Dito isso, reforço a proposta e fala do Presidente do Brasil Luís Inácio Lula da Silva de que a Assembleia Geral da ONU, que aqui anualmente se reúne, proclame a renovação de mais um decênio da Década Internacional de Afrodescendentes. Desta vez, apontemos o tema de memória, reparação e justiça, para que ações concretas e eminentes sejam desenvolvidas para cerca de 200 milhões de pessoas auto identificadas como afrodescendentes que vivem nas Américas, e também para muitos outros milhões vivem em outras partes do mundo.
A paz, a democracia, a segurança internacional, o combate às desigualdades e a garantia de direitos humanos só irão coexistir quando os séculos de racismo sistêmico - que tem como característica a desumanização, a subjugação, o trauma, o apagamento de nossa cultura e a violência psicossocial - forem reparados.

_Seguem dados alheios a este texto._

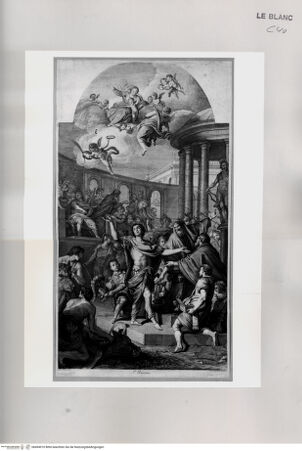 Vorderseite von Kunstsammlungen zu Weimar [http://creativecommons.org/publicdomain/mark/1.0/] Der heilige Georg weigert sich, den Götzen zu opfern - , bh494910. Foto.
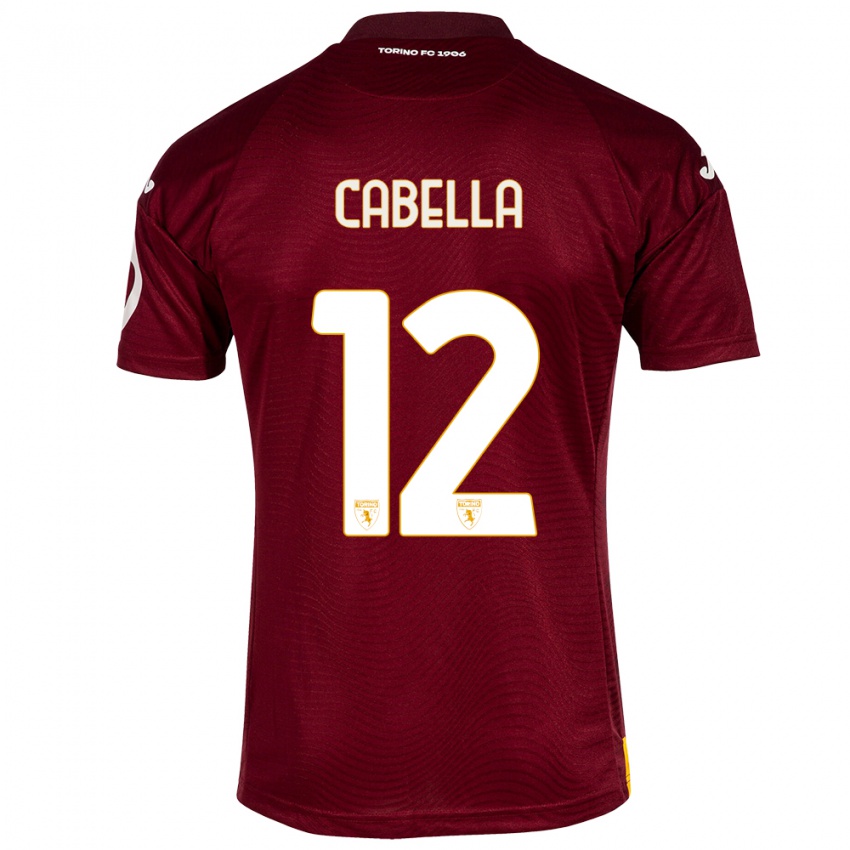 Niño Camiseta Matteo Cabella #12 Rojo Oscuro 1ª Equipación 2023/24 La Camisa Perú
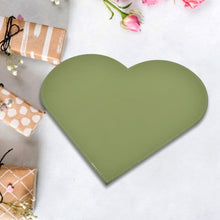 heart shape art board and pad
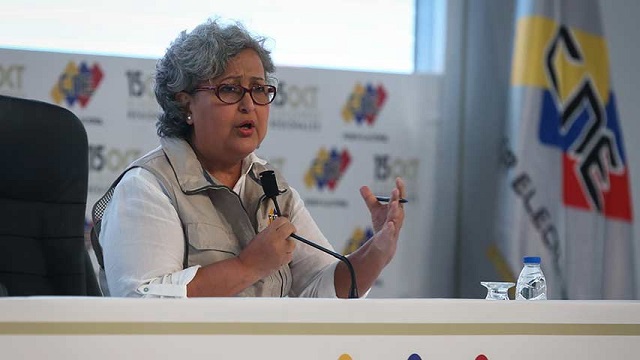 Tibisay Lucena-presidenta del CNE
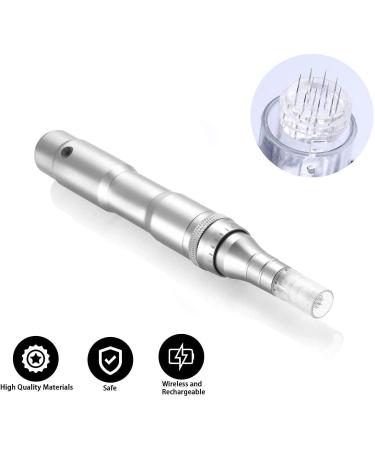 Angel Kiss A9 Microneedling Pen Kit with 5x 12 Pins Cartridges 0.25mm - Professional Derma Auto Pen - Buy Online on GoSupps.com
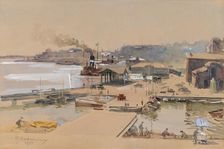 Helsinki South Harbour, 1937. Creator: Hugo Backmansson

E que tenhamos mais uma oportunidade de começar hoje por aqui.
Nos levantemos juntos em solidariedade ao menino Vinicius Jr, jogador do Real Madrid, que na última semana sofreu a consequência do racismo: sua manifestação por meio de ódio, violência e agressões de mais de 50 mil pessoas em um estádio de futebol.

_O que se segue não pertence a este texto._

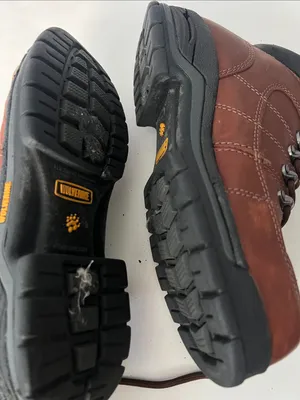Wolverine Davis EAA Moc Safety Toe Brown Work / Hiking Boots Heavy Womens 8M thumbnail 5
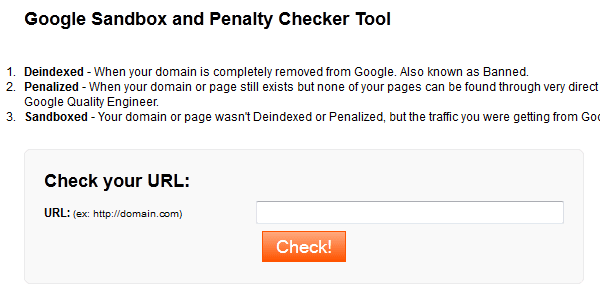 چک کردن پنالتی شدن سایت در گوگل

A herança da colonização e a desumanização dos afrodescendentes permanece nas nações que hoje lideram debates mundiais sobre o futuro do planeta. Seja no Brasil ou na Espanha, todos os governos, repito, todos, devemos priorizar em nossas políticas internas e externas o combate e a superação do racismo, da xenofobia e do discurso de ódio como pilares centrais de nossas democracias.
Este Fórum Global representa a esperança de um futuro em que nenhum outro Vinícius Jr tenha que passar pela violência e ódio apenas por sua cor de pele.
Foi aqui neste país em que estamos hoje que o Dr. Martin Luther King Jr. apontou para o sonho, o sonho dos direitos civis e políticos para afrodescendentes. Mandela, em seu discurso de liberdade na África do Sul, na cidade do Cabo em 11 de abril de 1990, apontou que nossa marcha para a liberdade é um caminho irreversível. Marielle Franco, minha irmã e ex-vereadora da cidade do Rio de Janeiro morta em 14 de março de 2018, falou que nenhuma mulher negra será interrompida.
Senhores e Senhoras, autoridades e representantes da sociedade civil, em especial a grande delegação brasileira aqui presente, caminhemos juntos por memória, justiça e reparação para cada pessoa afrodescendente deste planeta. O Brasil, a maior nação negra fora de África se coloca à disposição para no futuro sediar este grande e importante Fórum, nosso país ainda tem um caminho árduo para promover os direitos que nossa população merece.
Queremos ser a potência mundial da luta por reparação e promoção de direitos para pessoas afrodescendentes no mundo.
Juntos, juntas e juntes superaremos a chaga do racismo e promoveremos a verdadeira libertação de nossos povos.